A swap point is the daily adjustment to your position value for holding it overnight, and it follows directly from the interest rate differential between the two currencies in the pair, adjusted by the broker margin. If you buy the higher-yielding currency against the lower-yielding one, in theory you should receive a positive point; in the opposite direction you pay. This is exactly the same rate-differential mechanism that interest rate parity describes — except the broker charges it as a daily cash flow on the account rather than through the forward rate. In practice the broker margin and the swaps market mean the point you actually receive is lower than the raw rate differential would suggest.

Why is a positive carry-trade swap not free money?

Because alongside the positive swap you take on currency risk that uncovered parity does not price, and that risk can wipe out a year of cash flows in a single day. A carry trade earns slowly and steadily while the market is calm, but in a sudden flight from risk the high-yield currency usually drops sharply — the so-called carry crash. The classic example is pairs with the Japanese yen, the funding currency for many carry strategies: when sentiment reverses, the yen strengthens abruptly. Treat a positive swap as a premium for the risk you take on, not as a free annuity — the strategy can make sense, but it needs risk management like any other.

Is interest rate parity useful to a retail investor?
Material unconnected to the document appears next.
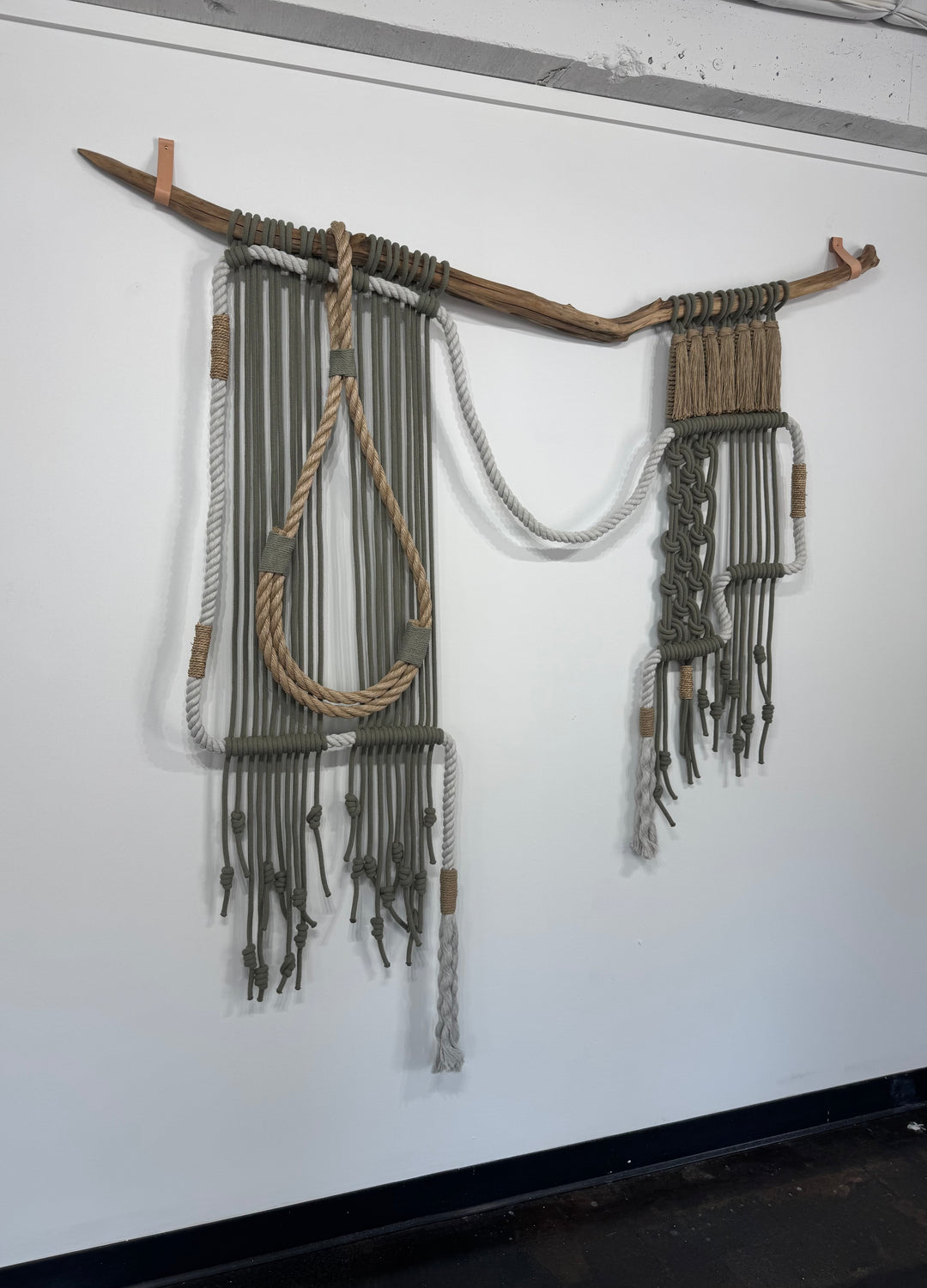 Macrame Wall Hanging – Sage Mist | Handmade Sustainable Fiber Art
Yes, but not as a tool for forecasting the rate — rather as a mental model that organises your intuition. Parity explains why the forward market discounts the higher-yielding currency and where exactly the swap points on your account come from, and that knowledge saves you from naively thinking a higher rate automatically means profit. The second practical benefit is healthy scepticism toward strategies built solely on the rate differential: if even covered parity could drift apart after 2008, and the uncovered version fails regularly, then no carry strategy is a sure thing. For a retail trader parity is therefore more a lesson in humility than a ready-made trading signal.